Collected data
========
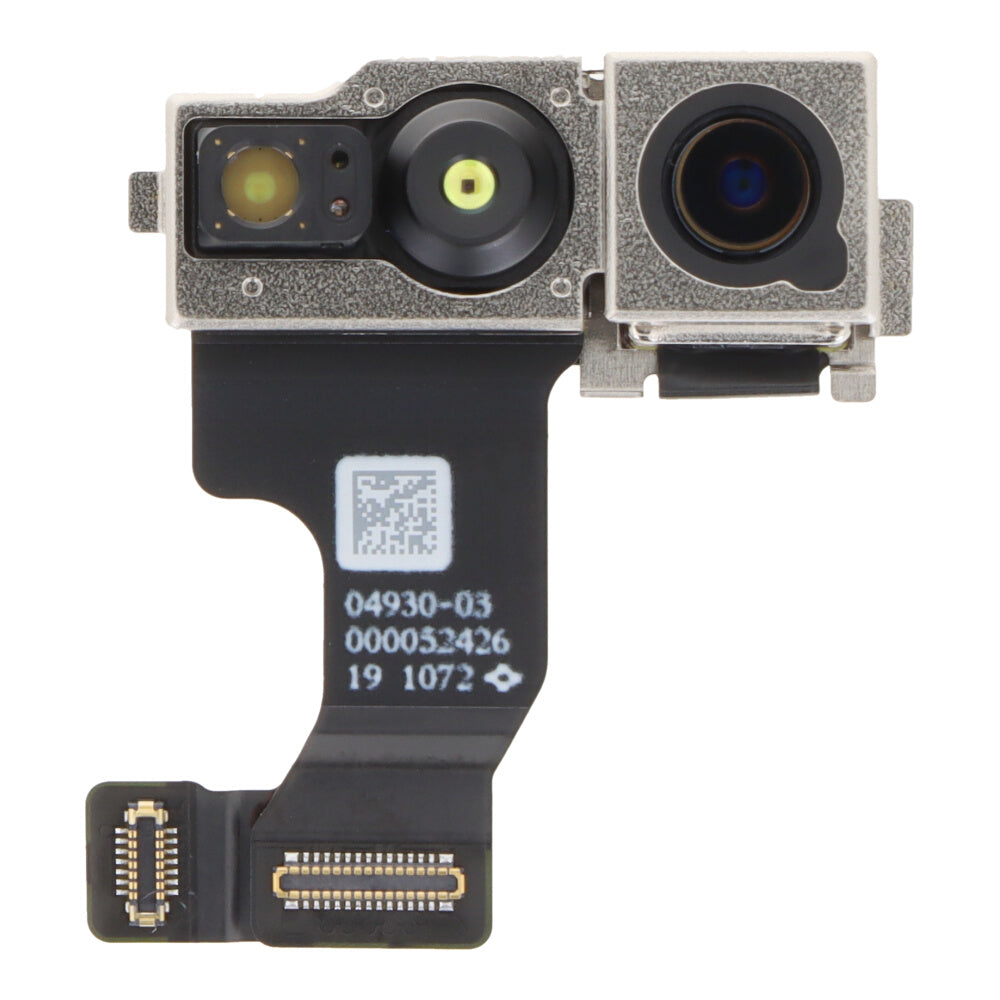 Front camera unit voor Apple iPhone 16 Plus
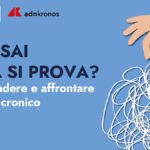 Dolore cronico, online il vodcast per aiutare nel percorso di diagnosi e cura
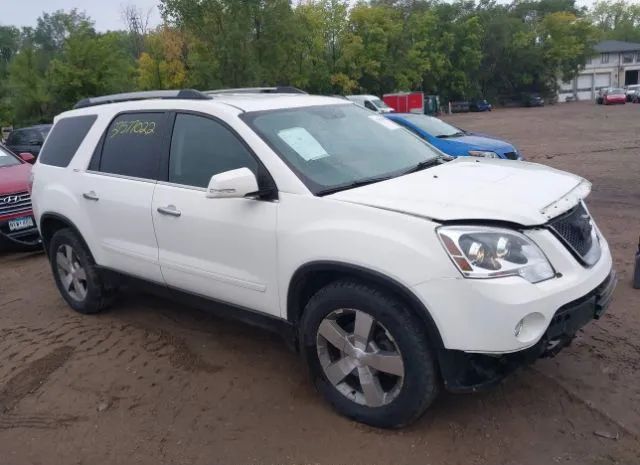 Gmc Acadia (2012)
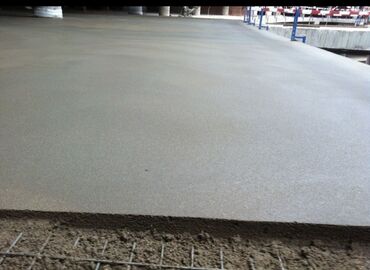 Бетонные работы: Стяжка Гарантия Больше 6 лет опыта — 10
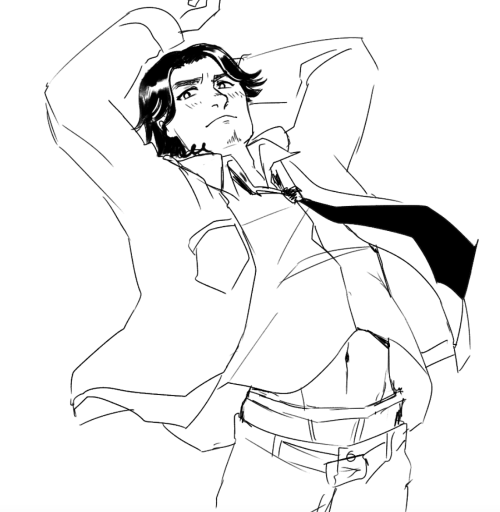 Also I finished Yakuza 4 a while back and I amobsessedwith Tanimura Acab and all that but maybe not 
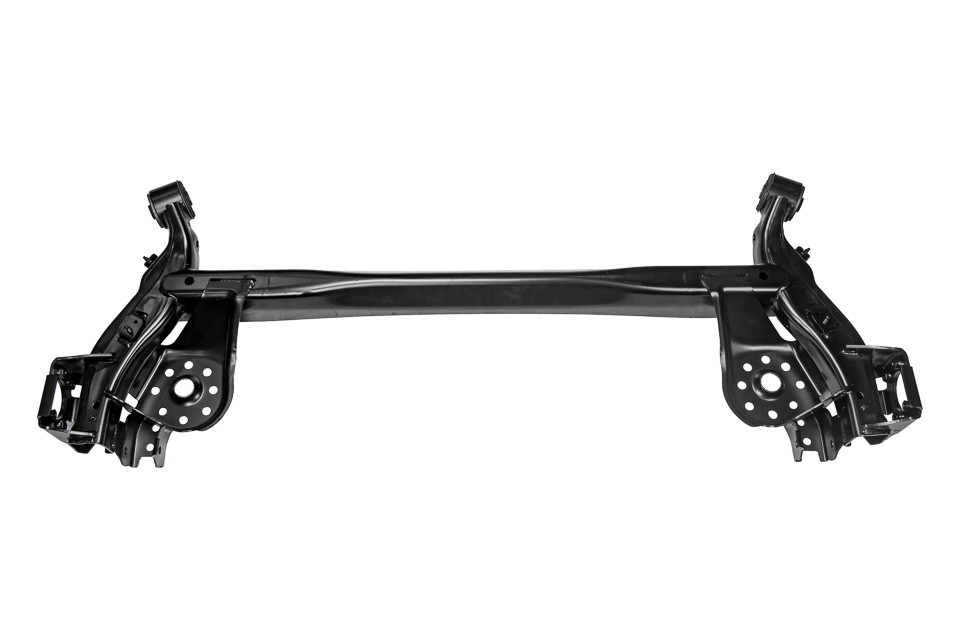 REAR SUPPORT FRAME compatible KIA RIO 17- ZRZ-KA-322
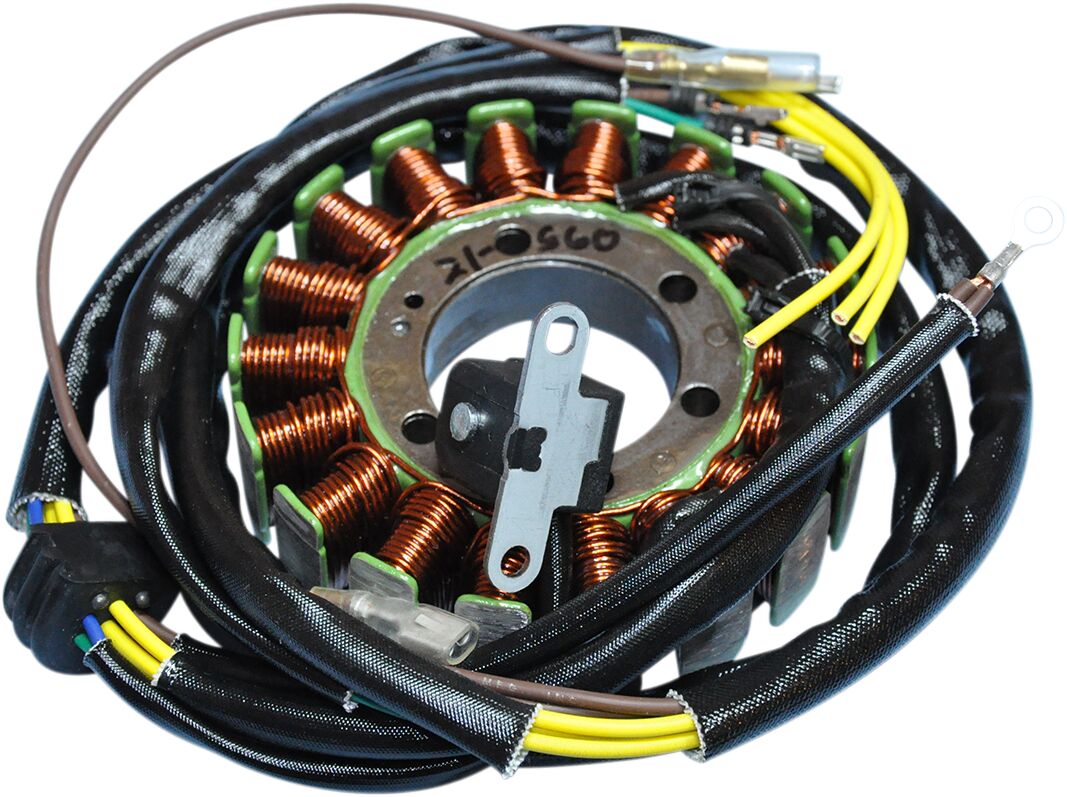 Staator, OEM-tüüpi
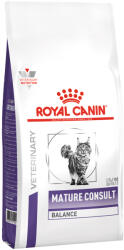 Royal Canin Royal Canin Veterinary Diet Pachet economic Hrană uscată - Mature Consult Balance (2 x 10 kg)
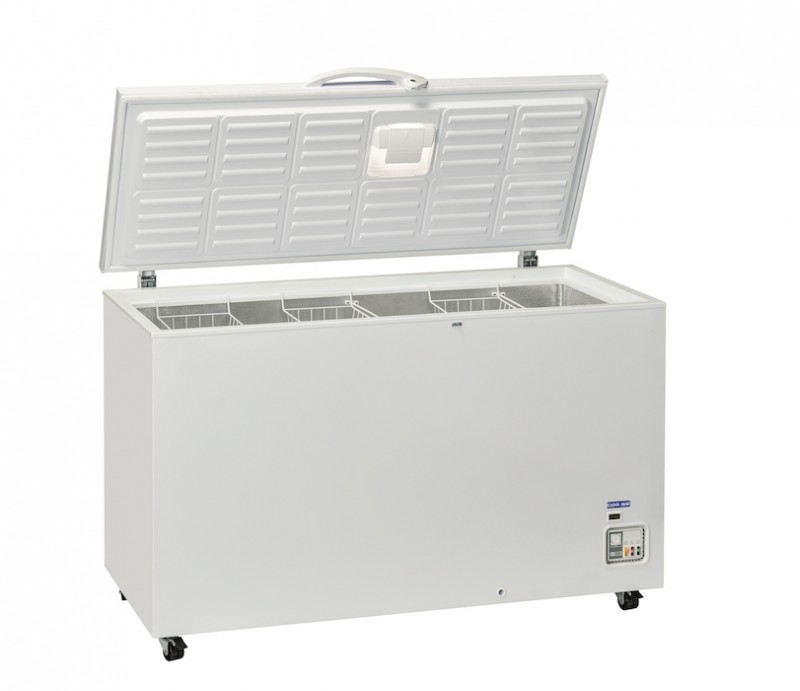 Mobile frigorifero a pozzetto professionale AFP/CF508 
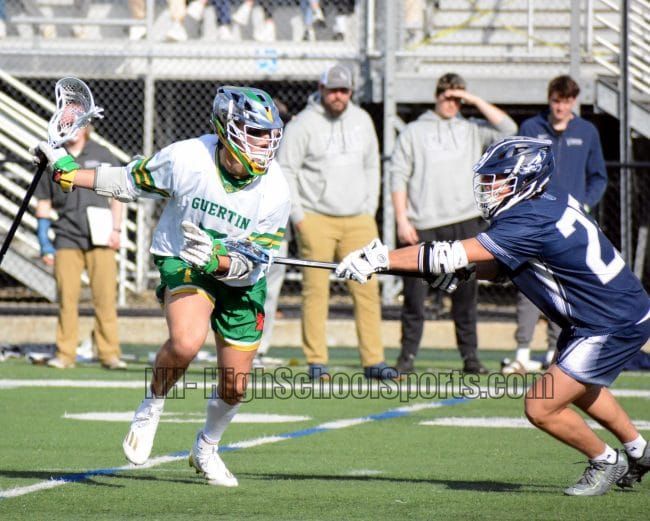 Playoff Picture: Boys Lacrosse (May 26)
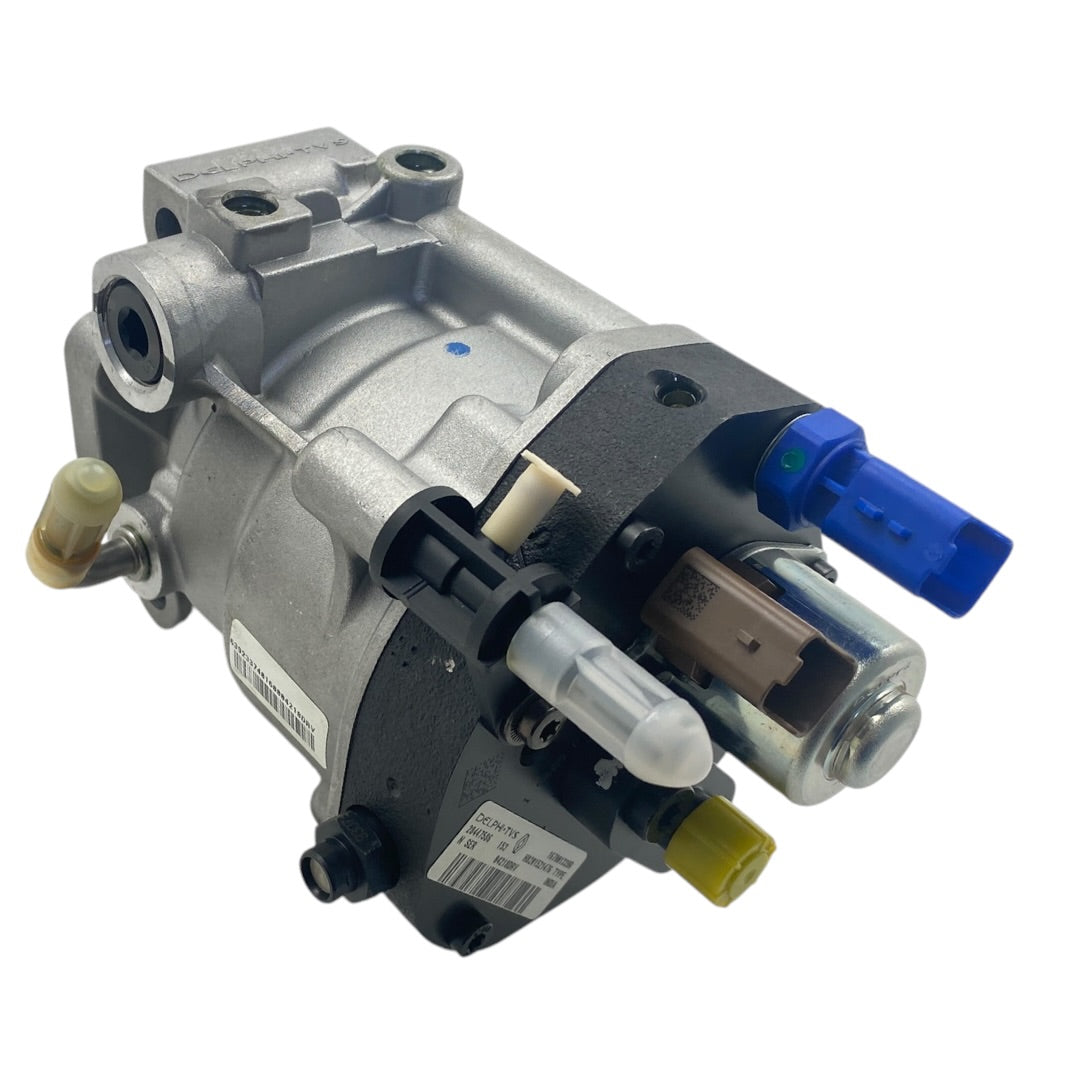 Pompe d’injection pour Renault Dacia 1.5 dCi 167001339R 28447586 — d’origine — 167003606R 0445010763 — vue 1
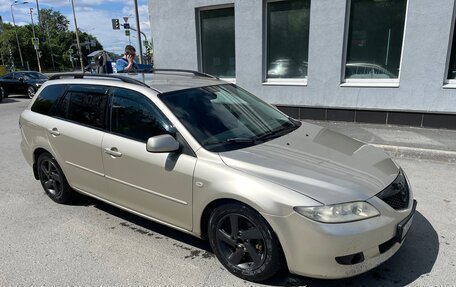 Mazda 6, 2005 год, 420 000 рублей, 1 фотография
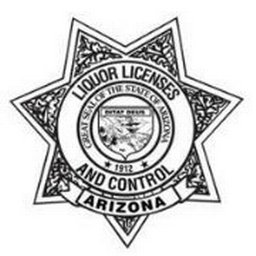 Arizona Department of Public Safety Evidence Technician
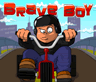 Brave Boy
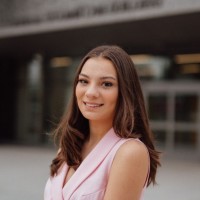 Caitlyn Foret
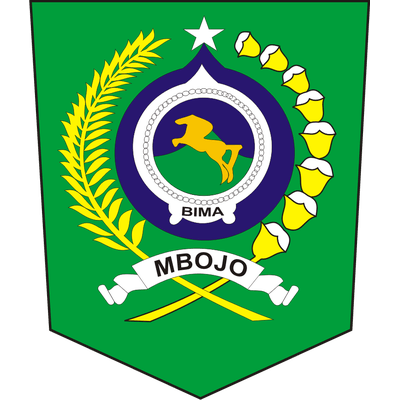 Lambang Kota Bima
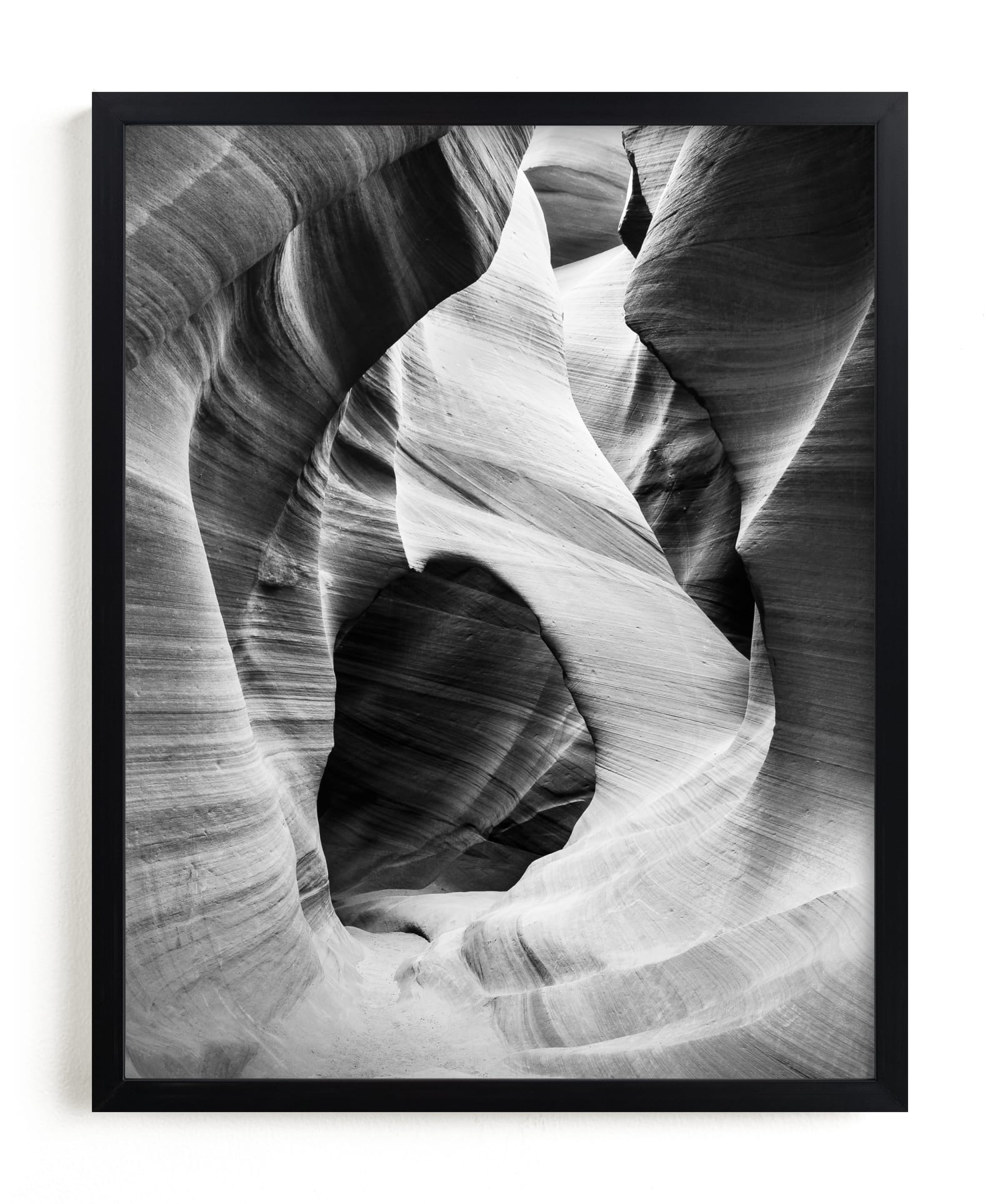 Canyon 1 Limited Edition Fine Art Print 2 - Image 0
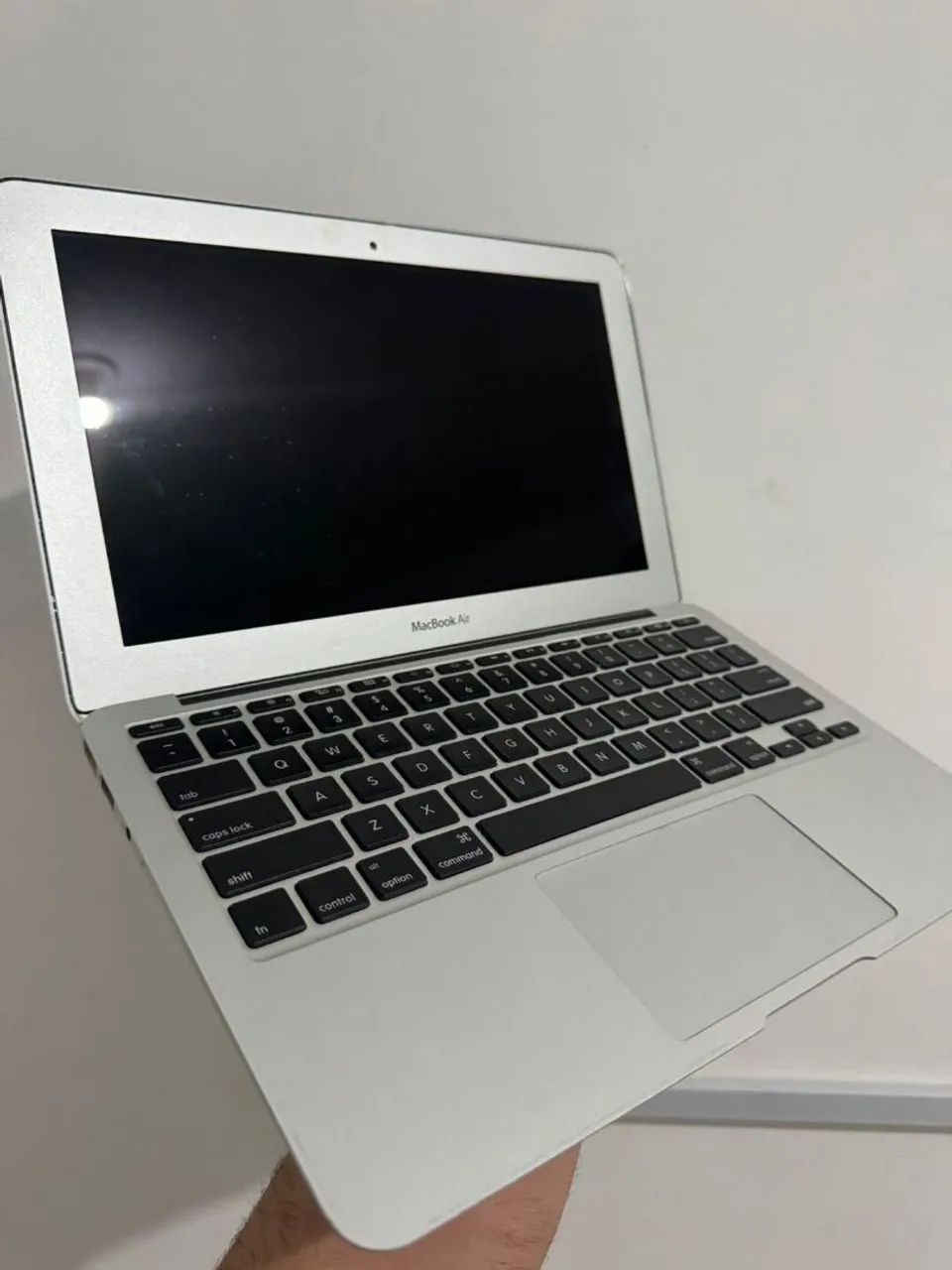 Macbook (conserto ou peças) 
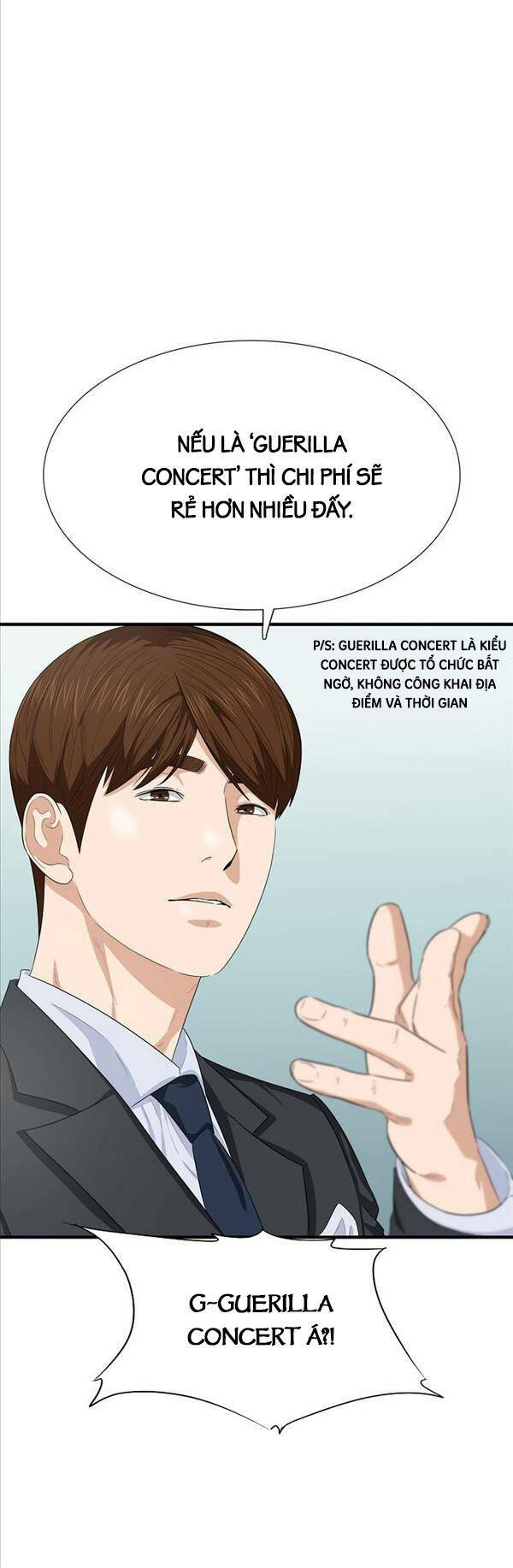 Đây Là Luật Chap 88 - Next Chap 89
========
Assignment
Write back word for word every line in the entries above from the one with "Royal Canin Royal" to the one with "Caitlyn Foret", ends included, and none of the pictures.

Your solution
 Royal Canin Royal Canin Veterinary Diet Pachet economic Hrană uscată - Mature Consult Balance (2 x 10 kg)
 Mobile frigorifero a pozzetto professionale AFP/CF508 
 Playoff Picture: Boys Lacrosse (May 26)
 Pompe d’injection pour Renault Dacia 1.5 dCi 167001339R 28447586 — d’origine — 167003606R 0445010763 — vue 1
 Mazda 6, 2005 год, 420 000 рублей, 1 фотография
 Arizona Department of Public Safety Evidence Technician
 Brave Boy
 Caitlyn Foret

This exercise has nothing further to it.